Attack Scenario\ Gas on Arbitrum is handled differently than on other chains.

Here is an explanation of how gas works on Arbitrum: https://docs.arbitrum.io/devs-how-tos/how-to-estimate-gas.

The summary is that the transaction fee is a function of:

• Gas price of L2(Arbitrum).
• Gas used on L2(Arbitrum).
• L1 price per byte of data.
• Size of the calldata.

This is the formula used to compute the transaction fee:

L1 Estimated Cost (L1C) = L1 price per byte of data (L1P) * Size of data to be posted in bytes (L1S)

Extra Buffer (B) = L1 Estimated Cost (L1C) / L2 Gas Price (P)

TXFEES = P * (L2G + ((L1P * L1S) / P))

What is important to note here gas used on Arbitrum is the same as you would use on Ethereum. It's the same EVM opcodes. What is different is the final transaction fee that includes the L1 portion.

Issue

The execution on the receiving side inside the processPacket starts by taking note of the gas at the beginning of the function execution: https://github.com/catalystdao/GeneralisedIncentives/blob/main/src/IncentivizedMessageEscrow.sol#L243 And at the end of the function, it computes the total gas used. This is being sent with the acknowledgment back to the sending chain so that the relayer can be paid from the Incentive deposited by the application: https://github.com/catalystdao/GeneralisedIncentives/blob/main/src/IncentivizedMessageEscrow.sol#L329

As maxGas is the same as for any other EVM chain, the sending application would need to figure out the price which takes into account all these additional factors that come into play on Arbitrum.

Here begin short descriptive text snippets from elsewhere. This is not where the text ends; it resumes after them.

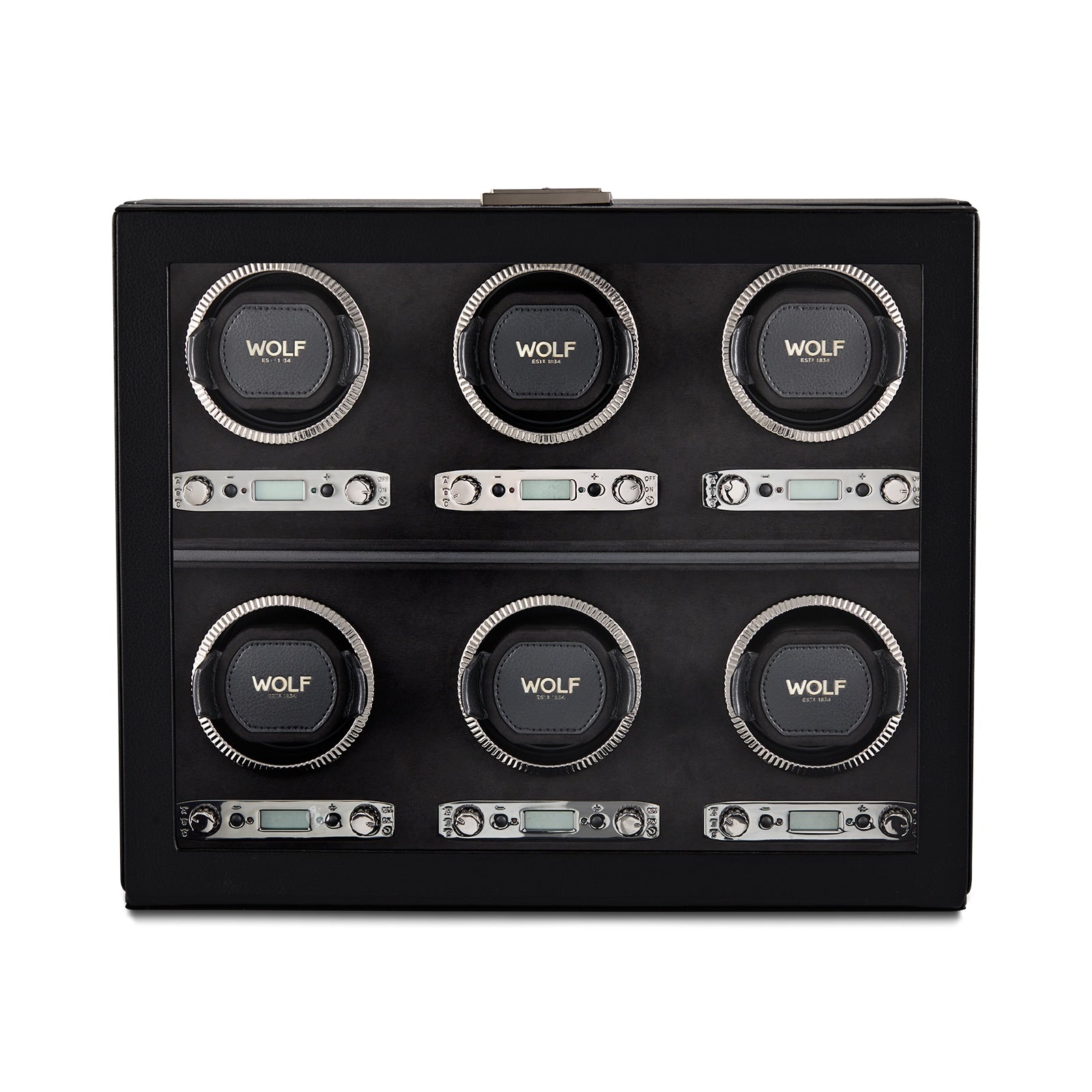 The WOLF British Racing 6 Piece Watch Winder features six circular winders with WOLF branding and digital controls below.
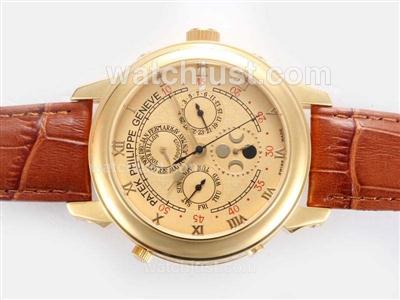 Patek Philippe Astronomical Celestial Double Dial Gold Case with Golden Dial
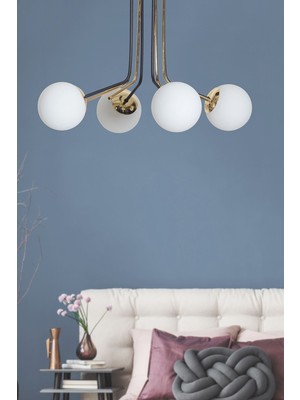 Şık 4'lü Gold-Siyah Metal ve Beyaz Cam Avize Tasarımı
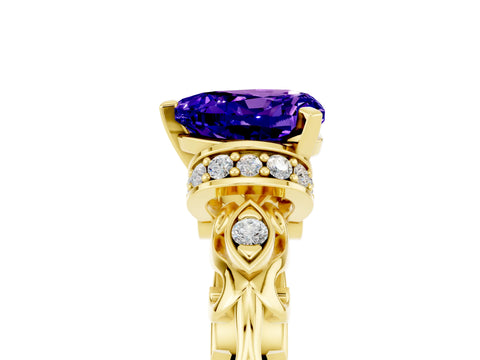 Yellow gold Heart Cut Tanzanite Solitaire Ring with Filigree Band and Four-Prong Setting_29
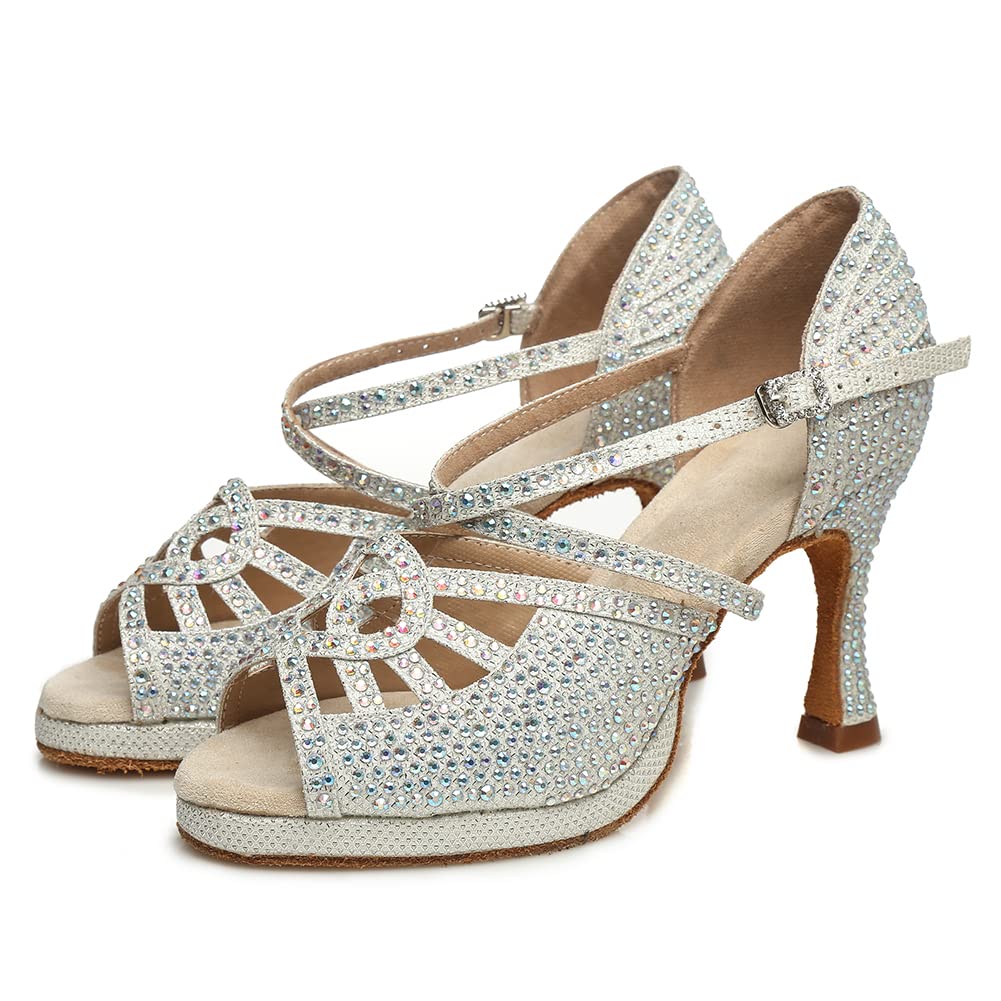 Zapatos de Baile Latino Mujer con Plataforma Zapatos de Baile Salsa y Bachata de Salón Punta Abierta,Modelo YC-L458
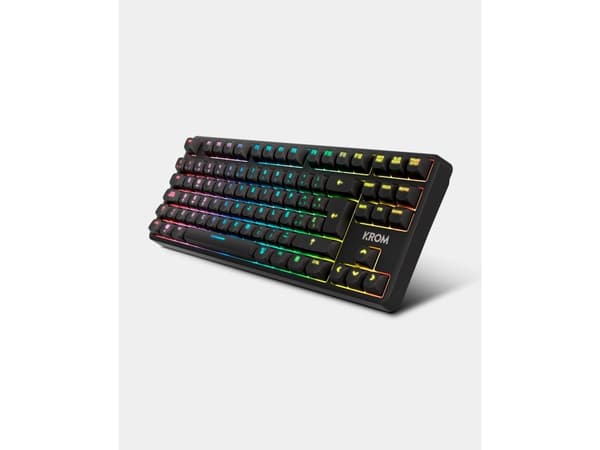 Krom NXKROMKERNELPROSP, Kabel & Trådlös, USB + RF Wireless + Bluetooth, Mekaniska tangentbrytare, QWERTY, RGB LED, Svart, Vit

If we take an average Arbitrum transaction the majority of transaction fee belongs to the L1 portion of the transaction fee. https://arbiscan.io/tx/0x23c53172b6dbd6d34d66f70f8bf94e1a3b1038e89a5dc7d6b024506ff1092951#txninfo

With that kind of setup this is simply not going to work.

I'm just going to give a simple example (not real numbers but for illustration purposes):

maxGas = 100; gasPrice = 1; L1P * L1S = 5000;

TxFee = 1 (100 + ((5000 1) / 1)) = 5100

As the maxGas is 100, to fit this in the simple model we would need to set the gasPrice to 51.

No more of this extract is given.